5. The process according to claim 3, wherein the auxiliary working fluid re-joins the main working fluid in the main recuperator.

6. The process according to claim 1, wherein the main working fluid and the auxiliary working fluid are fluidly separated; wherein the plant comprises a heat exchanger; wherein the main working fluid and the auxiliary working fluid are thermally coupled in the heat exchanger.

7. The process according to claim 6, wherein the auxiliary working fluid is different from the main working fluid.

8. The process according to claim 7, wherein the auxiliary working fluid is an organic fluid, preferably selected from the group comprising: cyclopentane, isopentane, isohexane, hexane, pentane, R245fa, R1234yf.

9. The process according to claim 1, wherein the main working fluid selected from the perfluorinated compounds comprises: Perfluoro-2-methylpentane/Perfluoro-i-hexane (Flutectm PP1), Perfluoro-methylcyclohexane (PP2), Perfluoro-1,3-dimethylcyclohexane (PP3), hexafluorobenzene.

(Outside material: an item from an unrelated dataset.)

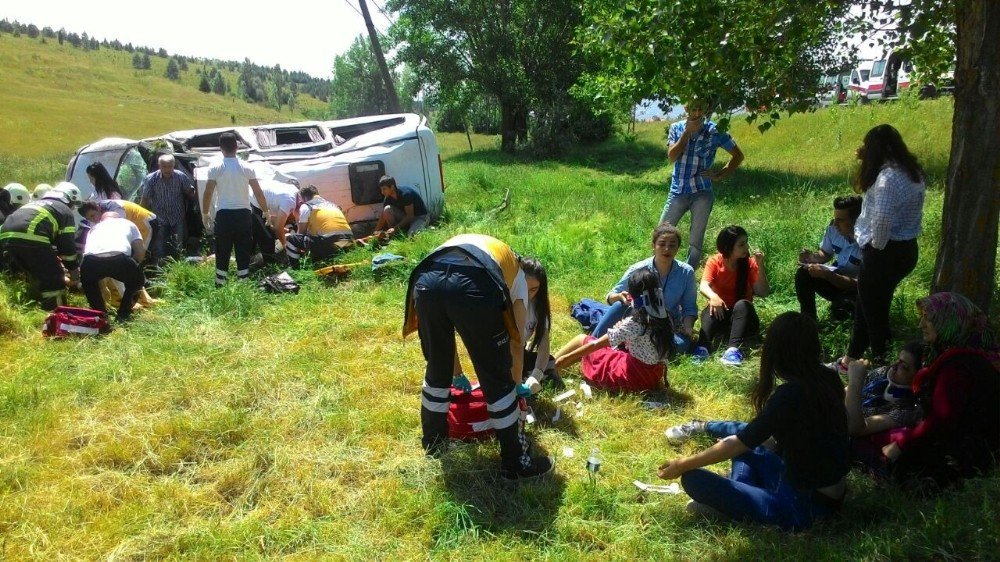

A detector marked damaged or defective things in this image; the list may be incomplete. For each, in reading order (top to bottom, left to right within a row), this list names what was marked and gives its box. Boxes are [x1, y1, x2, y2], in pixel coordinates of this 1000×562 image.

overturned vehicle [68, 111, 444, 238] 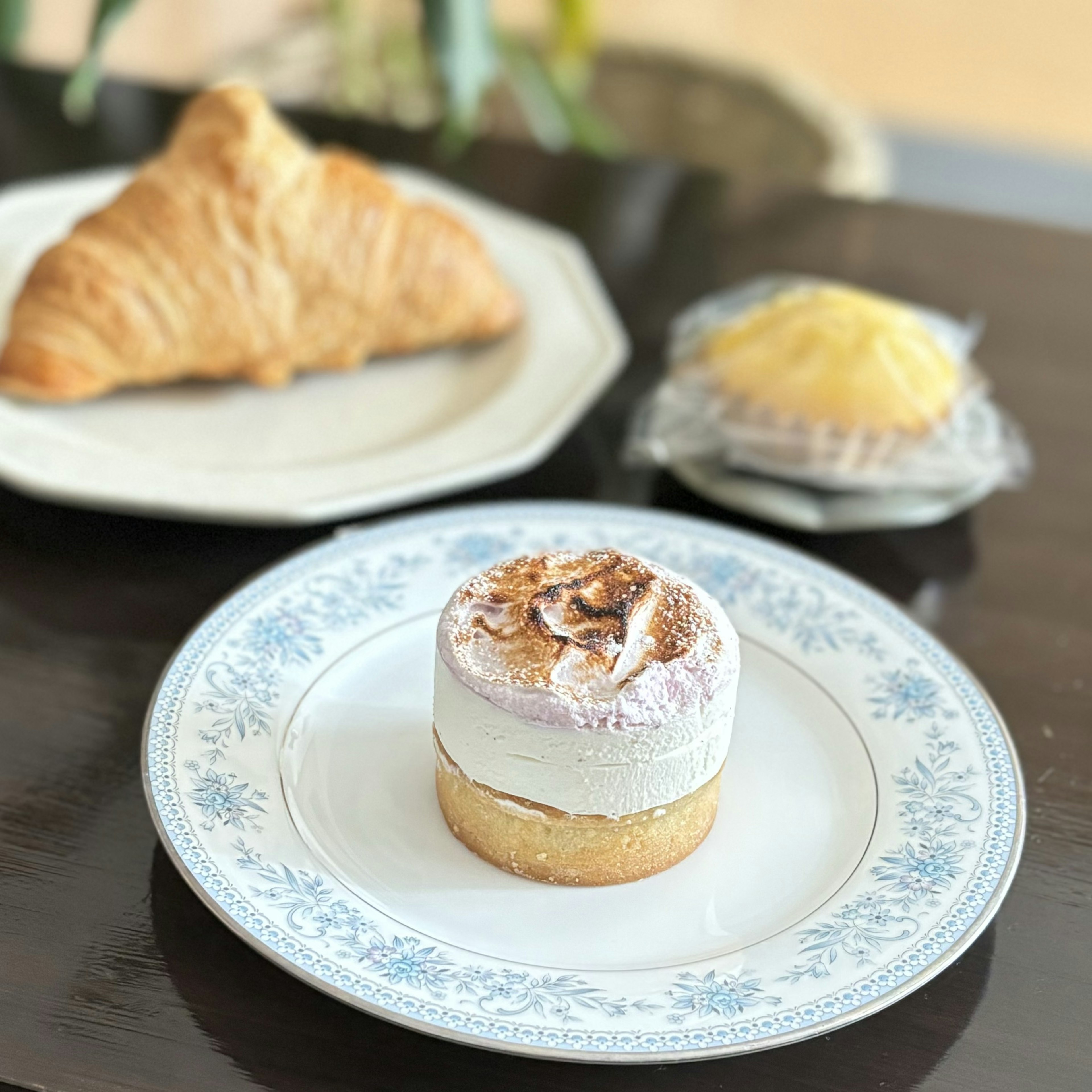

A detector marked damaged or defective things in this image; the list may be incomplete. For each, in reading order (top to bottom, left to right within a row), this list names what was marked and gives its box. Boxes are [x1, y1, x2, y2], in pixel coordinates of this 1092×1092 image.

charred meringue spot [443, 550, 725, 703]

10. A cascade plant for the production of power from variable temperature heat sources, comprising: a main circuit comprising: a boiler operatively coupled to a variable temperature heat source; a main expander; a main recuperator; a main condenser; a main pump; main pipes connecting each other the boiler, the main expander, the main recuperator, the main condenser and the main pump; a main working fluid selected from the perfluorinated compounds and flowing in the main circuit so as to implement a supercritical organic Rankine cycle; at least one auxiliary circuit thermally coupled to the main circuit and comprising an auxiliary expander; wherein an auxiliary working fluid enters the auxiliary expander after exchanging heat with the main working fluid exiting the main expander.

11. The plant according to claim 10, wherein the auxiliary circuit is a branch of the main circuit and the auxiliary working fluid is the main working fluid; wherein the plant further comprises a second recuperator located on the main circuit and downstream of the main expander and placed on the auxiliary circuit and upstream of the auxiliary expander; the heat between the main working fluid and the auxiliary working fluid being exchanged in the second recuperator.

12. Plant The plant according to claim 11, wherein the auxiliary circuit branches from the main circuit at a point located between the main recuperator and the boiler and re-joins the main circuit in the main recuperator.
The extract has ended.